▸ **EXERCISE**: Every record is to be duplicated exactly as it reads, without its images.

▸ **DATA TO EXAMINE**:
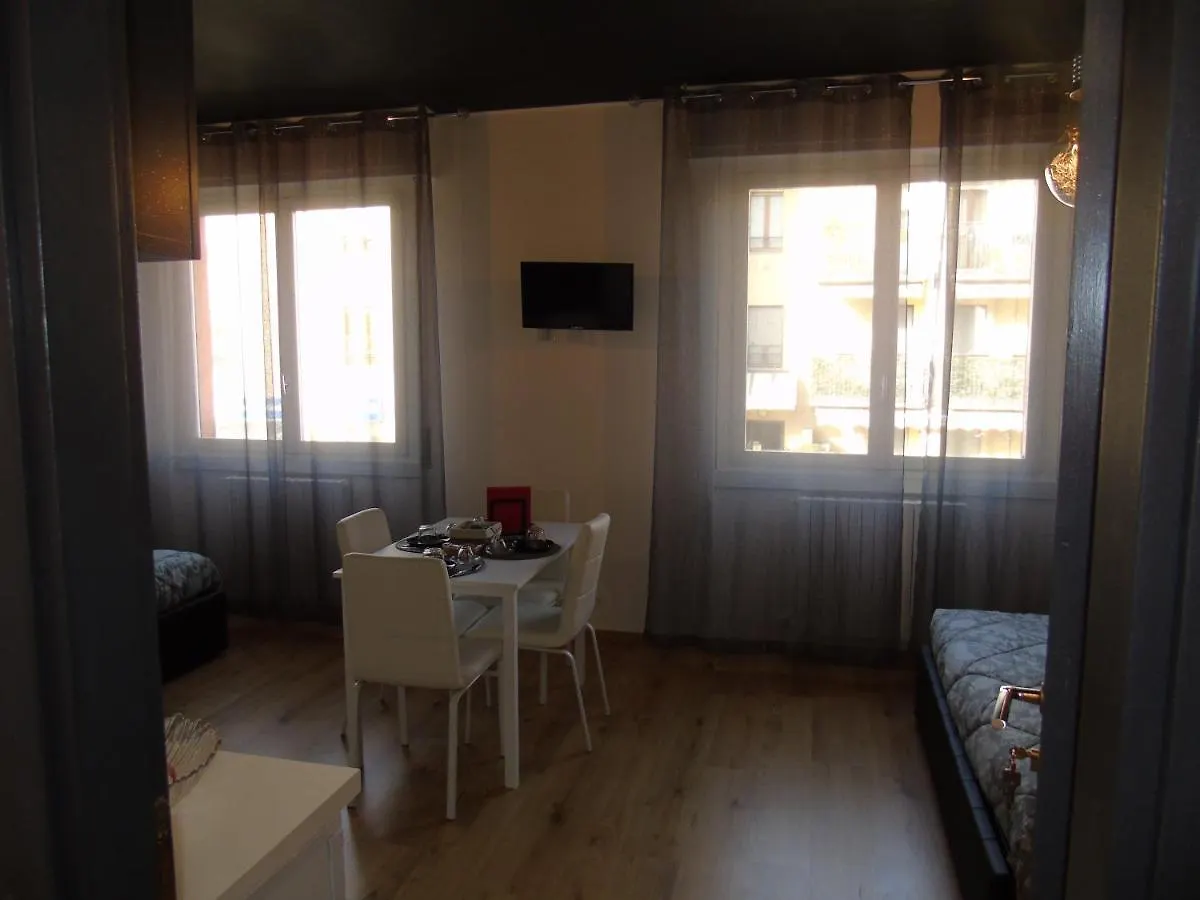 בית הארחה מלון Azzano San Paolo Casa Leonardo Airport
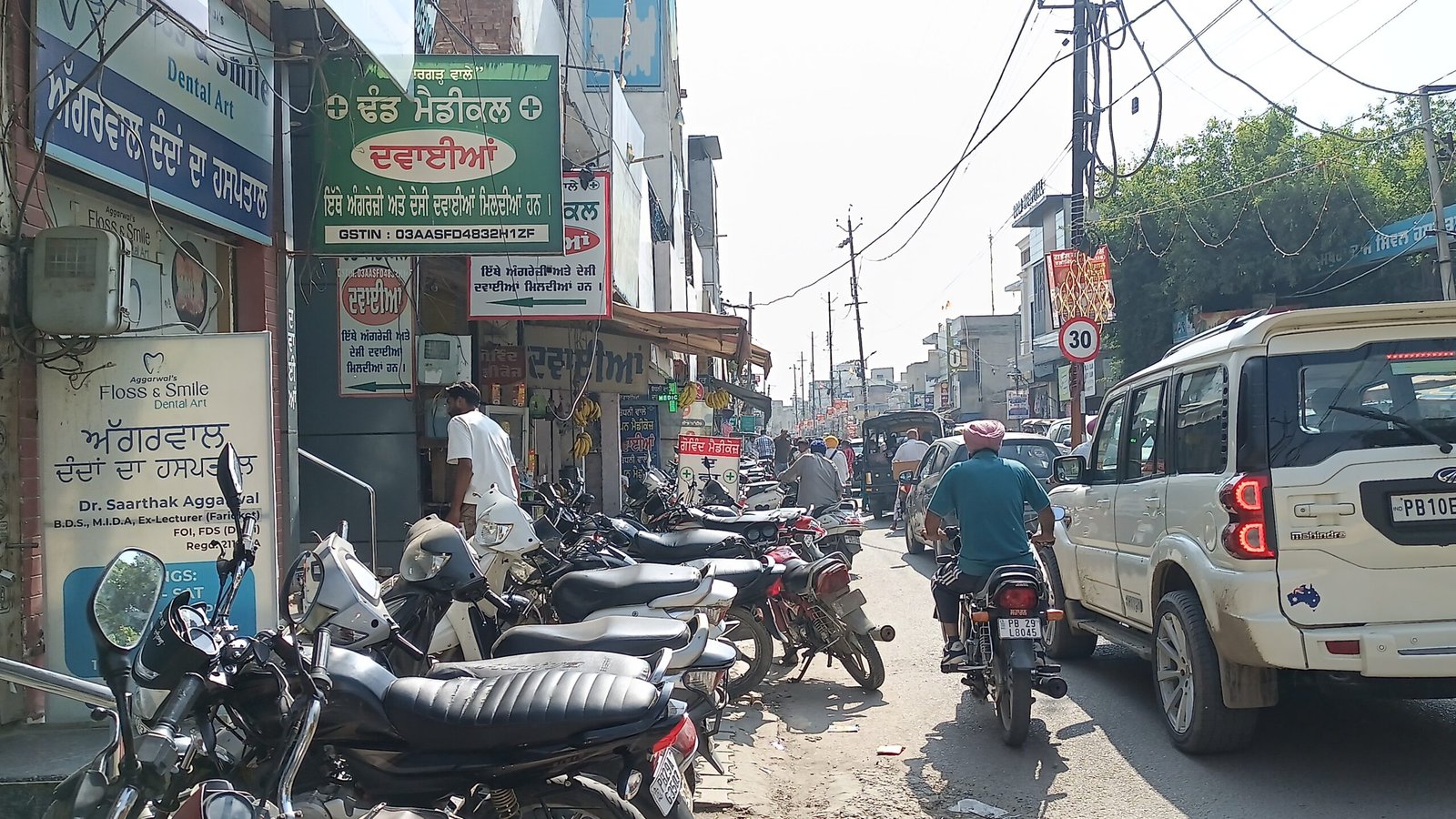 सिविल अस्पताल के बाहर अतिक्रमण का कब्जा, मरीजों की राह में रोड़ा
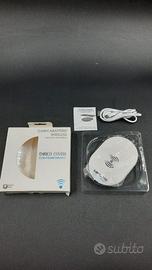 Carica Batterie WIRELESS, con cavo usb incluso.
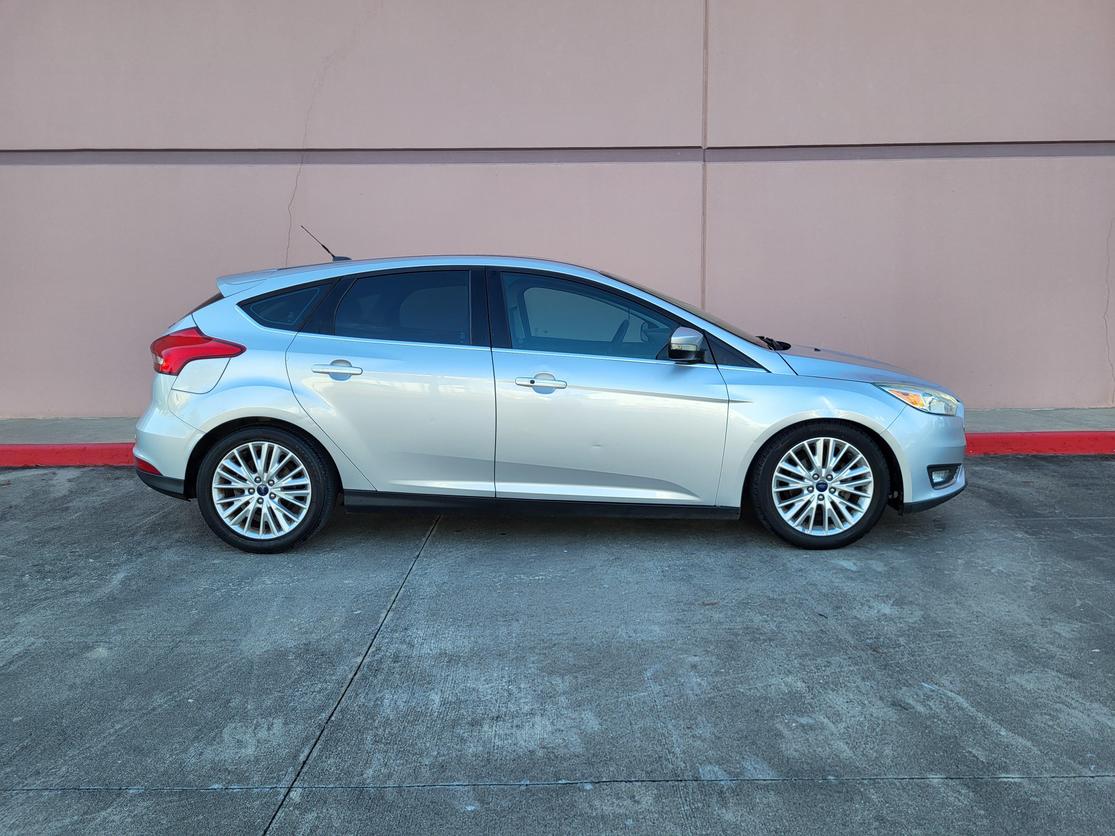 2016 Ford Focus Titanium photo 4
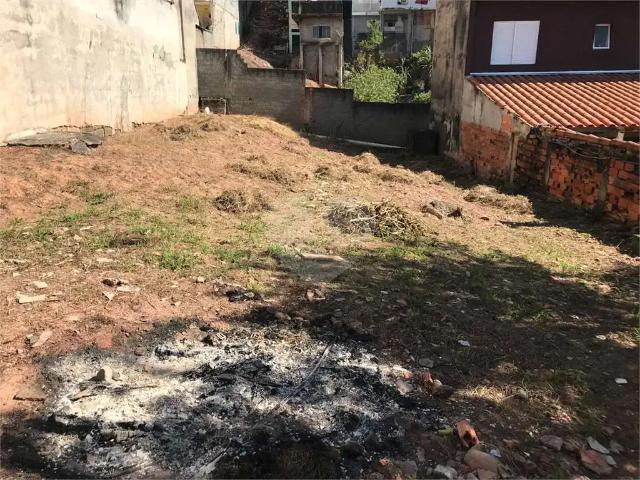 Terreno comercial para Venda em Carapicuíba/SP Vila Martins 2 Quartos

▸ **RESPONSE TO THIS EXERCISE**:
 בית הארחה מלון Azzano San Paolo Casa Leonardo Airport
 सिविल अस्पताल के बाहर अतिक्रमण का कब्जा, मरीजों की राह में रोड़ा
 Carica Batterie WIRELESS, con cavo usb incluso.
 2016 Ford Focus Titanium photo 4
 Terreno comercial para Venda em Carapicuíba/SP Vila Martins 2 Quartos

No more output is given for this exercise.